* Work request: Your answer must be the full listing below, repeated exactly, with no pictures in it.

* Supplied data:
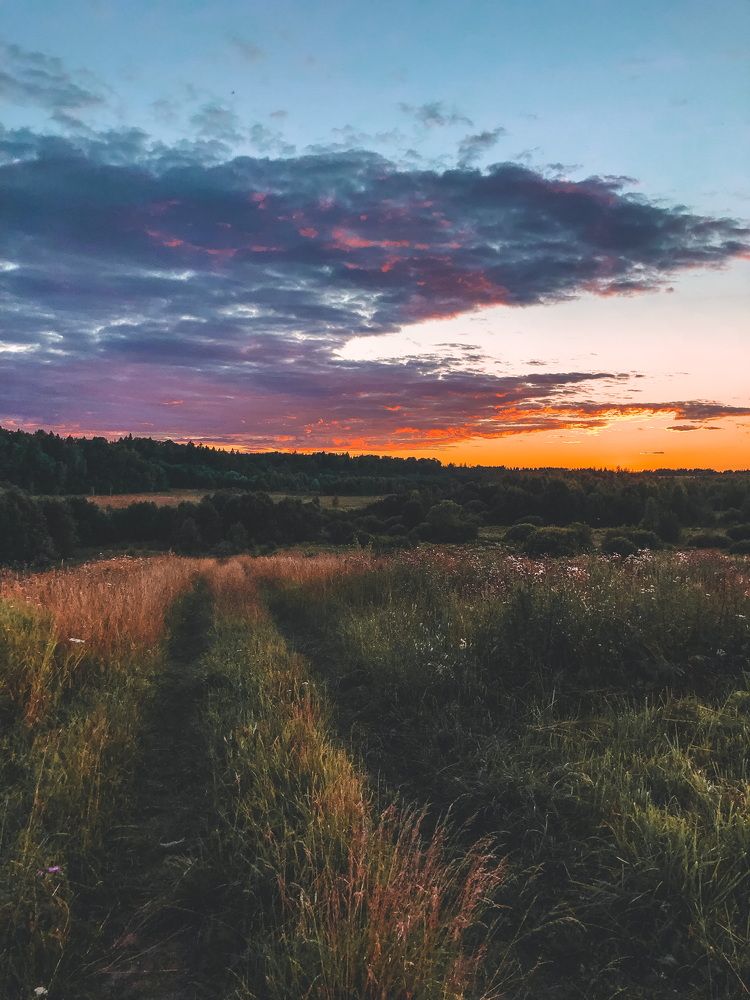 Photograph by Алена Воронова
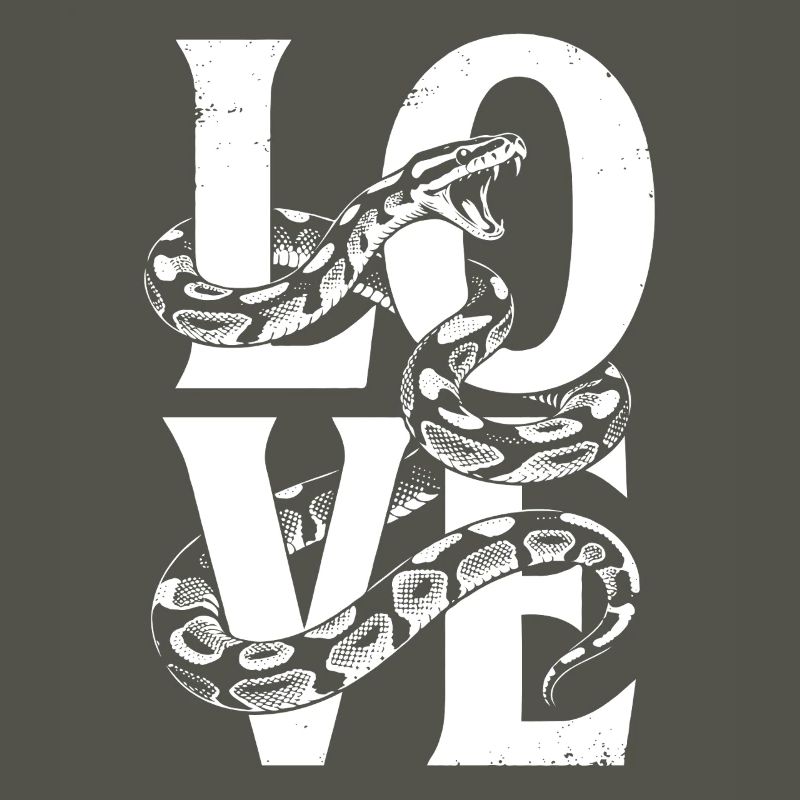 Les serpents rois Python ADORENT les pythons de terrarium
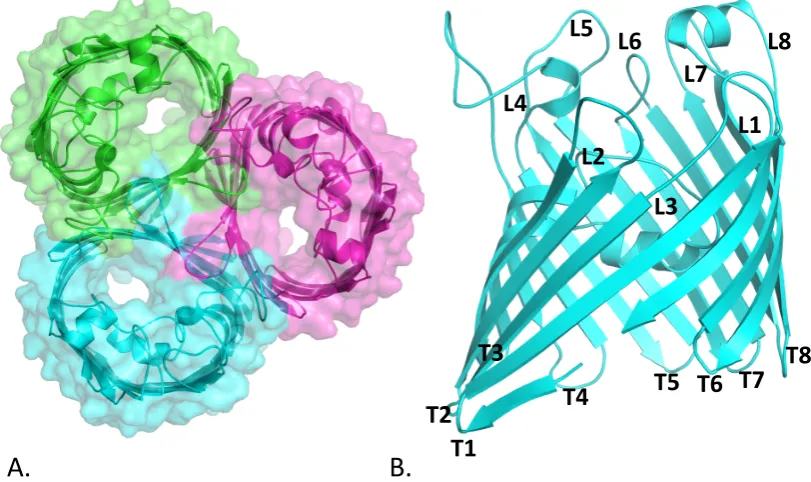 Figure 1.2: Cartoon representation of OmpC from E. coli. (A) Extracellular view of OmpC trimer (B) Side view of OmpC monomer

* Result:
 Photograph by Алена Воронова
 Les serpents rois Python ADORENT les pythons de terrarium
 Figure 1.2: Cartoon representation of OmpC from E. coli. (A) Extracellular view of OmpC trimer (B) Side view of OmpC monomer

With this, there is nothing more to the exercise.